==== Available records
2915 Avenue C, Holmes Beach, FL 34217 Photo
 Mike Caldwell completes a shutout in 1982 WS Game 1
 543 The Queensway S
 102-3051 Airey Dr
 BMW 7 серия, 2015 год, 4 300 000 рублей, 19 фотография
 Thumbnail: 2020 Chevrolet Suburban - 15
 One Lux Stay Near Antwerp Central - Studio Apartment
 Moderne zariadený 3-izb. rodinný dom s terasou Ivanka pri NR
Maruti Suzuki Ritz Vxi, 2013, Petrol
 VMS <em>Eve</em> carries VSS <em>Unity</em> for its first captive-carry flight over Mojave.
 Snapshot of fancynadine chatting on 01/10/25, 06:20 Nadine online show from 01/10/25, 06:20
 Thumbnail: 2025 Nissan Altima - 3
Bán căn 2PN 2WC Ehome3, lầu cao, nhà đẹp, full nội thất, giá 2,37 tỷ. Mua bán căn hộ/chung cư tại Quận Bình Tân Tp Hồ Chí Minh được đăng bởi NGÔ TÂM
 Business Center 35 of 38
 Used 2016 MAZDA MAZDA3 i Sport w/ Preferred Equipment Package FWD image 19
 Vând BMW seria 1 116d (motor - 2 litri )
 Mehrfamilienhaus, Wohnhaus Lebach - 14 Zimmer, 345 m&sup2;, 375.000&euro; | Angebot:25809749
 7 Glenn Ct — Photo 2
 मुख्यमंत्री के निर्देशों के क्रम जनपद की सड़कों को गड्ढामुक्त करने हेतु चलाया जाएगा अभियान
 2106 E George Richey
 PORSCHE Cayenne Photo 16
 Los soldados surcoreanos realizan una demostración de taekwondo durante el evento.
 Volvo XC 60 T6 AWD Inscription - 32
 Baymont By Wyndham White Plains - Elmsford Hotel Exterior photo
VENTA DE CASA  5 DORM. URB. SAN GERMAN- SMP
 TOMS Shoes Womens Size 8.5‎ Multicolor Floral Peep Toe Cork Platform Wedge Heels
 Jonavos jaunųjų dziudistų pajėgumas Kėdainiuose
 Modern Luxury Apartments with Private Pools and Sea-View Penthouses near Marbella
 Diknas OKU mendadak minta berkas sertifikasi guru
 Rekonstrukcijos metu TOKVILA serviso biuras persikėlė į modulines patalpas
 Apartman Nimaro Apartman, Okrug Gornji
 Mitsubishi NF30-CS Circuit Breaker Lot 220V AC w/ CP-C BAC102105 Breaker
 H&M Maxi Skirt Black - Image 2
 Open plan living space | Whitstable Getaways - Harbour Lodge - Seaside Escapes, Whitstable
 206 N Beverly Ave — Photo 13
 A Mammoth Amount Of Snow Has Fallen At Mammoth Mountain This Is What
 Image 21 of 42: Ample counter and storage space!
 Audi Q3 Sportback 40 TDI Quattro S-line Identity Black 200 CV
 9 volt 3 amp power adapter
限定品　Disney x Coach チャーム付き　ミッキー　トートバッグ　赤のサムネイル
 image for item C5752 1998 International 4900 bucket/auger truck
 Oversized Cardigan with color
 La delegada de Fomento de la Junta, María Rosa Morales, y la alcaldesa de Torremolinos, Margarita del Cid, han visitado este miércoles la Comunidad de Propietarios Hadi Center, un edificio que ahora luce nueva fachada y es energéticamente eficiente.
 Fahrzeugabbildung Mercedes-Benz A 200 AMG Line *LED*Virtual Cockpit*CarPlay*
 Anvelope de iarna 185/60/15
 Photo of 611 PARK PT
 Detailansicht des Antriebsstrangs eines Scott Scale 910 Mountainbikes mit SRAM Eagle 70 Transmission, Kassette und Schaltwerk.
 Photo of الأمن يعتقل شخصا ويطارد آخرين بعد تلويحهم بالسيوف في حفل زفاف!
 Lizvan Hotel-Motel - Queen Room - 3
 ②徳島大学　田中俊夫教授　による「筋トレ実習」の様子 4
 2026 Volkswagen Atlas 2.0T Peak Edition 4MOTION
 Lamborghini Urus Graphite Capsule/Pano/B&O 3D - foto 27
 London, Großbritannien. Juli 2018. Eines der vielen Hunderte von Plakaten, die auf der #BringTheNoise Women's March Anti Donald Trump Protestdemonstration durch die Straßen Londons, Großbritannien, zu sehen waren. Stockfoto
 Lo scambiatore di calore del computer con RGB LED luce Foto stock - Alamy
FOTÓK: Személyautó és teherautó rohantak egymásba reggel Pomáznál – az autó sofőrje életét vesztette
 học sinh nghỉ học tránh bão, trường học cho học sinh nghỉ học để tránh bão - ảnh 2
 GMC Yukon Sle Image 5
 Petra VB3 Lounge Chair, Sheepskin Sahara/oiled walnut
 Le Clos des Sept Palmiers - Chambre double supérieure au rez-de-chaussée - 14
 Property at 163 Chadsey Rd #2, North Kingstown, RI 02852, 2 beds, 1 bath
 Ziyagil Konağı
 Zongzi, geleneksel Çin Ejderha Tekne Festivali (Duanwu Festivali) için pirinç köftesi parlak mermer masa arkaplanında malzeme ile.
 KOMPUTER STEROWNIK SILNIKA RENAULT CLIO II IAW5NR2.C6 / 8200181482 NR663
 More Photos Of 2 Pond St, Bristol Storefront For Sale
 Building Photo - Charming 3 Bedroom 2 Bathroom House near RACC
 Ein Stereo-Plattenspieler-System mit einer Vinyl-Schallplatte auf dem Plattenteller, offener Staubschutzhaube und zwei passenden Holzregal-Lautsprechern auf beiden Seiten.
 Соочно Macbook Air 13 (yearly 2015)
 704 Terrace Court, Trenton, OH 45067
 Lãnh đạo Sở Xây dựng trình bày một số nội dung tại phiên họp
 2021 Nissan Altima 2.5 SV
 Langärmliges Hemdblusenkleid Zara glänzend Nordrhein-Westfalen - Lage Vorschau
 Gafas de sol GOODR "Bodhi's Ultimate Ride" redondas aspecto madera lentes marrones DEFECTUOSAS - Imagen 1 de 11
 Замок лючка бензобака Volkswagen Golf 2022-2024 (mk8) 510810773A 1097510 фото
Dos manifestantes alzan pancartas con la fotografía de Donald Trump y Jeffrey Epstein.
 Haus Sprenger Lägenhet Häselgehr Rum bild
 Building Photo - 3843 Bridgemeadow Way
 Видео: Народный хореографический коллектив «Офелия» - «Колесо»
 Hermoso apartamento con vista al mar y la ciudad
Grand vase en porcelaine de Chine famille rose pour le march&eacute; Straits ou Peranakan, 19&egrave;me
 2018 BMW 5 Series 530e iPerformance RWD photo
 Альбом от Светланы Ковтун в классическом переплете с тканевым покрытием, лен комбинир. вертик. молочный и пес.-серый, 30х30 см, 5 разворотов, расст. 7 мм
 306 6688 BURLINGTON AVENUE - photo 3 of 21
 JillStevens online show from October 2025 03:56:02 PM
========
Required action: Look above for the line with "Oversized Cardigan with color" and the line with "Fahrzeugabbildung Mercedes-Benz A", and reproduce exactly those two lines plus every line between, nothing more.

Answer below:
 Oversized Cardigan with color
 La delegada de Fomento de la Junta, María Rosa Morales, y la alcaldesa de Torremolinos, Margarita del Cid, han visitado este miércoles la Comunidad de Propietarios Hadi Center, un edificio que ahora luce nueva fachada y es energéticamente eficiente.
 Fahrzeugabbildung Mercedes-Benz A 200 AMG Line *LED*Virtual Cockpit*CarPlay*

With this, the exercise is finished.